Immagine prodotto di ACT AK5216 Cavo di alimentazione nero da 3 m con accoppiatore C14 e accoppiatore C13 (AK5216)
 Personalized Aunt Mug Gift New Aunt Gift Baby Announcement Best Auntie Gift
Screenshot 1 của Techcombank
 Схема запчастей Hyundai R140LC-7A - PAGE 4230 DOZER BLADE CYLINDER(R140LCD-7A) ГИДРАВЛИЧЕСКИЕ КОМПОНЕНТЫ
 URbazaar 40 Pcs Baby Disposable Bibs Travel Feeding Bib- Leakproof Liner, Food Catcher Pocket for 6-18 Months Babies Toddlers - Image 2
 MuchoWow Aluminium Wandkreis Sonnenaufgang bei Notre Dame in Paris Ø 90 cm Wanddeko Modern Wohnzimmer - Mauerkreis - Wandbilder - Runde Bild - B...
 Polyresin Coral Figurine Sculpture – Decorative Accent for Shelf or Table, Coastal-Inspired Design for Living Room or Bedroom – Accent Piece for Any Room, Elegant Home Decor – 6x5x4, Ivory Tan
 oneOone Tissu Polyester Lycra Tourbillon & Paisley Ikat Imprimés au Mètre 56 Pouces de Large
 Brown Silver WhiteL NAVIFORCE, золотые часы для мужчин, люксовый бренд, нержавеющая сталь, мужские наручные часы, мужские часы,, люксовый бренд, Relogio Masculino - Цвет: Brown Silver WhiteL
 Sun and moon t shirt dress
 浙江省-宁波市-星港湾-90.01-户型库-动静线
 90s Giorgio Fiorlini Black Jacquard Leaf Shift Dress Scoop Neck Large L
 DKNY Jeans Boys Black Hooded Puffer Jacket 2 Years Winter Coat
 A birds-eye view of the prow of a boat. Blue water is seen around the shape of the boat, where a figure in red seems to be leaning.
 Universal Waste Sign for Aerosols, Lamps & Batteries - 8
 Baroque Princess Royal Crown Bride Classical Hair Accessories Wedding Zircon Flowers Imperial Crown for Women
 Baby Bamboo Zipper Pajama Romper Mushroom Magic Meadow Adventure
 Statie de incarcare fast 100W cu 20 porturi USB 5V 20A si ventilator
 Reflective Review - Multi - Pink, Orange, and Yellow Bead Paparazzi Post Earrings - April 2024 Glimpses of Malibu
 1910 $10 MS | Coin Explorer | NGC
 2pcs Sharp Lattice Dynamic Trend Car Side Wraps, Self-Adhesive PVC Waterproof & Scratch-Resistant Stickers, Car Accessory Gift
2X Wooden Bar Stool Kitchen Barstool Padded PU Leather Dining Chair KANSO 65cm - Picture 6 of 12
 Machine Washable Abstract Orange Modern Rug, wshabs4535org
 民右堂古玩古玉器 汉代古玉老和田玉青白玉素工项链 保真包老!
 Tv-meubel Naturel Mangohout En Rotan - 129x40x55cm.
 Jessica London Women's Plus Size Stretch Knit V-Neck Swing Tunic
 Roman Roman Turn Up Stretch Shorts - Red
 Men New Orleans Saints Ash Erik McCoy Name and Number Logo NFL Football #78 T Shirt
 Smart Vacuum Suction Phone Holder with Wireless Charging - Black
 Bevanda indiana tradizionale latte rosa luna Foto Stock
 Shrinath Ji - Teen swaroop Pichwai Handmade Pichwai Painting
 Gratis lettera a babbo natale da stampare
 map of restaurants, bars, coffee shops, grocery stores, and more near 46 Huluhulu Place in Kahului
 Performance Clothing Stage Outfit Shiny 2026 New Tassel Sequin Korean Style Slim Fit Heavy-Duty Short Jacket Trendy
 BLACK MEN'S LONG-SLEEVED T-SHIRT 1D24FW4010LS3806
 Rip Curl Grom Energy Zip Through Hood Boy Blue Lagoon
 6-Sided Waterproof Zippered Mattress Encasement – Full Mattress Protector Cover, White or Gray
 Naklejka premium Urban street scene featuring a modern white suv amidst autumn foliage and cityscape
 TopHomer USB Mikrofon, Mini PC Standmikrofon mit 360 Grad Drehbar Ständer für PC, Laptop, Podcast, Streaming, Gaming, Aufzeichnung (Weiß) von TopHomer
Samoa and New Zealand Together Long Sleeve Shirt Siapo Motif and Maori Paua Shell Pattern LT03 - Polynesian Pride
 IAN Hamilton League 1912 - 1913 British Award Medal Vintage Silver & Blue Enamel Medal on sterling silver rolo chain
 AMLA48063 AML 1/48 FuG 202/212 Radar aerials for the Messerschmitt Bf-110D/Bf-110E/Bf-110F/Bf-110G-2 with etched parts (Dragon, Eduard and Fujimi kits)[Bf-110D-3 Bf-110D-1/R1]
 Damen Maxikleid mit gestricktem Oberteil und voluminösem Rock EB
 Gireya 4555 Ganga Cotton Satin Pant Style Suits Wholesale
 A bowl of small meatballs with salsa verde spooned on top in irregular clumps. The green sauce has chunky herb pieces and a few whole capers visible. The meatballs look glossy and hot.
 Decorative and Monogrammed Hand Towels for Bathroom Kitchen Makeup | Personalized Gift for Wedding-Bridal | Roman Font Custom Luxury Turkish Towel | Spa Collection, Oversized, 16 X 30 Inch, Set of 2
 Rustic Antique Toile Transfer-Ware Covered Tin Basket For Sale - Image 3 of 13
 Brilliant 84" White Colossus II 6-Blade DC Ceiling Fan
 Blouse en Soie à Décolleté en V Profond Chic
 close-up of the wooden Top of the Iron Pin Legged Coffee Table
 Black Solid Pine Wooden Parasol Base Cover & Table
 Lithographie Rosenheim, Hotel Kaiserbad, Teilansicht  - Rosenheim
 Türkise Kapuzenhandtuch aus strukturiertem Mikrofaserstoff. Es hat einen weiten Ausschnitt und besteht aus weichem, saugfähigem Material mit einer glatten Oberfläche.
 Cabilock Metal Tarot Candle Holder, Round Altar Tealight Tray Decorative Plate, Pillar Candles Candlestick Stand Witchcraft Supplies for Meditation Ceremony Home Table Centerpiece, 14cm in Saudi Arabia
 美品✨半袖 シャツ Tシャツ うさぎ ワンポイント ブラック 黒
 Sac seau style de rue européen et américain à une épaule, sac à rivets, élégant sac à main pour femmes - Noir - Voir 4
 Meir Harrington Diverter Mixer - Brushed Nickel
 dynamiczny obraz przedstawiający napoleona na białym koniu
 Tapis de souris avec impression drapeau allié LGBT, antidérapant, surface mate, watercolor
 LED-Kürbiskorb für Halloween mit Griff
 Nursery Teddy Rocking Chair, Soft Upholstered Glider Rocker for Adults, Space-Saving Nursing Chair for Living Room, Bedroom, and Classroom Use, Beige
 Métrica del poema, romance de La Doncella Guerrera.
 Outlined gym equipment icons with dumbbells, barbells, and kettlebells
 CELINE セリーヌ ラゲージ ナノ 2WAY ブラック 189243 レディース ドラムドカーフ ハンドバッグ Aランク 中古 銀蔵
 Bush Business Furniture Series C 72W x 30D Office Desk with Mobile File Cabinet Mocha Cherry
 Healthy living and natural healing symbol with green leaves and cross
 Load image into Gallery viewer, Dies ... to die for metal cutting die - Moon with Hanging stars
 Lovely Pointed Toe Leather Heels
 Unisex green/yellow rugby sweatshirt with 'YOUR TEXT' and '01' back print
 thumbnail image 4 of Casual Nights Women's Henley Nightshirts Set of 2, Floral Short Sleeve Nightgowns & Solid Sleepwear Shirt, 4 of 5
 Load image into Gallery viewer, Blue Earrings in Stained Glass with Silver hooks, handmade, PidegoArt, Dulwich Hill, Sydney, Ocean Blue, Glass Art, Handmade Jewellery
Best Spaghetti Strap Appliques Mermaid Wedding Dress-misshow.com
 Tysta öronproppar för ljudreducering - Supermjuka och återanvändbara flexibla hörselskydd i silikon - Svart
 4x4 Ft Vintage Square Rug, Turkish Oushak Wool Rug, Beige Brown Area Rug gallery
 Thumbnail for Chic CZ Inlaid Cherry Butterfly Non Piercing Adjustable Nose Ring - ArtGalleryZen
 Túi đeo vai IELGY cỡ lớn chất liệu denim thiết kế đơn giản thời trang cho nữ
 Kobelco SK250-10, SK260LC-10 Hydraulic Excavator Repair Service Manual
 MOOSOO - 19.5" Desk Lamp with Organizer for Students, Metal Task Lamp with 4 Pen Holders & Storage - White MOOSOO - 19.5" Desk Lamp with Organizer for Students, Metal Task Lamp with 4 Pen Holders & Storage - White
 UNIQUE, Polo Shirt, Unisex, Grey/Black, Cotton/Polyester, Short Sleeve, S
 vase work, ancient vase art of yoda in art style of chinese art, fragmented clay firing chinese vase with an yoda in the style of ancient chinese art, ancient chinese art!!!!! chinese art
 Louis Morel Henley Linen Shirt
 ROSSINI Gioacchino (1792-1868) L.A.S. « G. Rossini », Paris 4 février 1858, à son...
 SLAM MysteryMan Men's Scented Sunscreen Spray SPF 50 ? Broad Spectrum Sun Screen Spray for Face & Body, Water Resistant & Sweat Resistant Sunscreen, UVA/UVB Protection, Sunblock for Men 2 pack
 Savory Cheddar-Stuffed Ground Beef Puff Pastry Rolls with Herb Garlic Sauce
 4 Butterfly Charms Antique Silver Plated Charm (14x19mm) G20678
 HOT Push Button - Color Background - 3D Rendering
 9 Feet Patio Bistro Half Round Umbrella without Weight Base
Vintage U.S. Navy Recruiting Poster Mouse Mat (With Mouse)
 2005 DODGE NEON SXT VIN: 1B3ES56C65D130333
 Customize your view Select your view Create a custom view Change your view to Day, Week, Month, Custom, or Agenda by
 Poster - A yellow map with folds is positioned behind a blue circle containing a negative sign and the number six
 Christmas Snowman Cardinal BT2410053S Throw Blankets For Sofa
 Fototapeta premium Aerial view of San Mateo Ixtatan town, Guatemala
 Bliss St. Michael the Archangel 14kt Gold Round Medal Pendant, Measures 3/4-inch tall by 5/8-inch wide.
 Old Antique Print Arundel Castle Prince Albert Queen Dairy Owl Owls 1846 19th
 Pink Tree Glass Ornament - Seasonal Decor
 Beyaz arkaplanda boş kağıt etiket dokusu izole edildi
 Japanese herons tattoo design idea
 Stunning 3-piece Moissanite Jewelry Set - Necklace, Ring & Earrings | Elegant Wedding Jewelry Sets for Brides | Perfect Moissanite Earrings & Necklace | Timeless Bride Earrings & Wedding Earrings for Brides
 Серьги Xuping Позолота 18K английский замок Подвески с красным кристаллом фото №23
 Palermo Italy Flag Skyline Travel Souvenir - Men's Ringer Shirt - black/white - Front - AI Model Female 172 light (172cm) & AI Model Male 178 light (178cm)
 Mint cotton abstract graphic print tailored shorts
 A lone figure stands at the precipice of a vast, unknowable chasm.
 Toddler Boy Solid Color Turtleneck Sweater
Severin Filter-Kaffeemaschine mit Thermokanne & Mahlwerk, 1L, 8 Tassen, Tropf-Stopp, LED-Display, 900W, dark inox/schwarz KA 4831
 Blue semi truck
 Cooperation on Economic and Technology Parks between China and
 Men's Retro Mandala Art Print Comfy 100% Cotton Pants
-*-*-
> _Work order_:
For this exercise, please output exactly the lines above starting at the line with "Christmas Snowman Cardinal" and ending at the line with "Bliss St. Michael", ends included.

> _Task answer_:
 Christmas Snowman Cardinal BT2410053S Throw Blankets For Sofa
 Fototapeta premium Aerial view of San Mateo Ixtatan town, Guatemala
 Bliss St. Michael the Archangel 14kt Gold Round Medal Pendant, Measures 3/4-inch tall by 5/8-inch wide.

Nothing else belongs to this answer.